The open, friendly and humble Dutch folk. I love the fact that as a foreigner I feel welcome and accepted here and people take a personal interest in my background and where I’m from.

5. What’s the worst thing about being an expat in the Netherlands?
As clichéd as it sounds, the weather can be dull.

6. What do you miss most?
The vibrancy of South Africa and the fact that there is never a dull moment.

7. What did you do to meet people and integrate in your new home?
Because I arrived in The Netherlands all alone, it was important for me to join expat groups and meet as many people as possible. I joined a Facebook group (South Africans in The Netherlands) and have met some wonderful people who are now like family to me. As South Africans we have formed our own little community and for that I am very grateful.

8. What custom/ habits do you find most strange about your adopted culture?

Nothing really stands out in my mind as being odd. I think the whole concept of being a foreigner in a different place makes you realise how misplaced and odd you yourself are.  

9. What is a myth about your adopted country?
Europeans tend to think that violent crime in South Africa is grossly exaggerated. In fact, crime is a very real problem that affects people from all walks of life.

10. Is the cost of living higher or lower than the last country you lived in and how has that made a difference in your life?
The cost of living is much higher! Everything is a lot cheaper in South Africa (especially things like eating out at restaurants!). Things are also much cheaper in Italy and Spain, two countries where I lived before moving to The Netherlands. However, in The Netherlands I have the luxury of an extensive public transport system which we don’t have in South Africa. I guess there is always a trade-off in some way or the other. Every place has its pro’s and con’s. The main thing is to try and see the positive side of things and keep looking forward.

11. What advice would you give other expats?
Sometimes you have to dive right in. There is no right and no wrong way of doing things. That said, it does help to do some research before you move. It also helps to join network groups and meet other people – it makes the transition phase so much easier.
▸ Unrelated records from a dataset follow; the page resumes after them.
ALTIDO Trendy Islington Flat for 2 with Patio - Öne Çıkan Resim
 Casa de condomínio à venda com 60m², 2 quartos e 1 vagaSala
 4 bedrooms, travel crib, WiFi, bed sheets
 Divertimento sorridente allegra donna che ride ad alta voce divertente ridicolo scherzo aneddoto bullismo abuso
12. When and why did you start your blog? Elizabeth Joss
I started a few months before leaving South Africa. I wanted to write about my experiences as a traveller. But at the same time, I also wanted to write inspirational articles for people in need of  a bit of a boost and some inspiration in their lives. I have never looked back and I honestly wish I had started blogging earlier in my life. I’d like to give credit to my previous boss, Jim, who was one of the main influencers in my career at the time. Without him, I would never be where I am right now. I would also never have thought about the many fantastic opportunities and the self-fulfillment that blogging and writing can bring.